I worked hard then at letting her know what a shining star she is. I can't send a message in a bottle back to myself in time, but I thought at least I can give her something to carry with her into her future. Probably what it means to her now is that she has some kooky relatives. But that doesn't really matter.

What matters is something I discovered in my thirties returning to ballet after many years away. I loved the dance as a child and it was home to me, until I began looking in the mirror and seeing something that only existed in comparison with something else. It became not the joy of barriers melted away, but a slamming up against lots of walls built up out of nowhere, an isolation, so I left it. When I went back, I found the joy of it again, the connection, and realized that I had built my own walls. Instead of looking in the mirror and at the women around me and seeing myself reflected, and the strength and beauty of all of us together, I saw only what I was up against. Any strength and beauty I saw automatically became not mine, separate from me, only desired. But I wasn't seeing truth.

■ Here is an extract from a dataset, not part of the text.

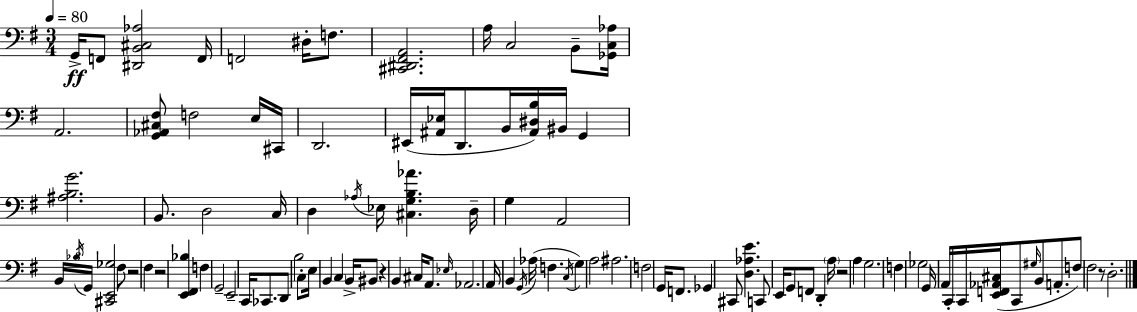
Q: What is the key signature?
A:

And when I first looked at my young relative, the irony is that I saw myself, but a self that was not mine, a self that I didn't believe in, a self I couldn't live up to, a self that I wanted to have for my own and I had to protect myself against it. When I was able to soften and let that self back in, I could give her an offer of love and acceptance for who she is. Somehow I think that the message in a bottle may have made it back there after all. Maybe now it will get a little easier to glance up at a stranger, and see myself looking back, not a trick of a camera or of genetics, but truth.

copyright 2008 J. Autumn Needles

1 comment:

CrowQueen said...

I completely relate to this. I have always been attracted to the strength and beauty of "older" women because it seems so deep and rooted. It's hard to find that beauty and surety in yourself when you're young.